[Image: PXHere]
Thanks, but no thanks, Oom Donald.
Afrikaner groups in South Africa have declined US President Donald Trump’s offer to grant them refugee status and resettlement in the United States.
The plan was detailed in an executive order Trump signed Friday that stopped all aid and financial assistance to South Africa as punishment for what the Trump administration said were “rights violations” by the government against some of its white citizens.
The Trump administration accused the South African government of allowing violent attacks on white Afrikaner farmers and introducing a land expropriation law that enables it to “seize ethnic minority Afrikaners’ agricultural property without compensation.”
The move comes after he signed an executive order to cut US financial assistance to SA, which many believe to be retaliation for SA’s genocide case against Israel at the International Court of Justice.
“A campaign of misinformation and propaganda”
On Saturday, both Solidarity and Afriforum said they would not be taking up Trump’s offer of resettlement in the U.S.
“Our members work here and want to stay here, and they are going to stay here,” said Dirk Hermann, chief executive of the Afrikaner trade union Solidarity, which says it represents about 2 million people.
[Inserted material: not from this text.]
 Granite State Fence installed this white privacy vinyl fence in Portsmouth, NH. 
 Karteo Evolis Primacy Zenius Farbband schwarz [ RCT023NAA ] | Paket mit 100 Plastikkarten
“We are committed to building a future here. We are not going anywhere.”
At the same news conference, Kallie Kriel, the CEO of the Afrikaner lobby group AfriForum, said: “We have to state categorically: We don’t want to move elsewhere.”
Trump’s move to sanction South Africa, a key U.S. trading partner in Africa, came after he and his South African-born adviser Elon Musk accused its leadership of having an anti-white stance.
However the portrayal of Afrikaners as a downtrodden group that needed to be saved would surprise most South Africans.
“It is ironic that the executive order makes provision for refugee status in the U.S. for a group in South Africa that remains amongst the most economically privileged.”
Despite the thought of living under a Trump administration being enough to stop any Afrikaner from moving, most experts agree it would be a tough sell for Afrikaners to prove that they have “a well-founded fear of being persecuted based on the five [protected] grounds in the United States – namely race, religion, nationality, social group and political opinion”.
Nee dankie. Trump’s going to have to make America great again without the boere.
While we’re on the subject of ‘persecuted people’ and erstwhile colonisers, Trump at least ruled out deporting Prince Harry back to sunny England, saying that the prince “Has enough problems with his wife”.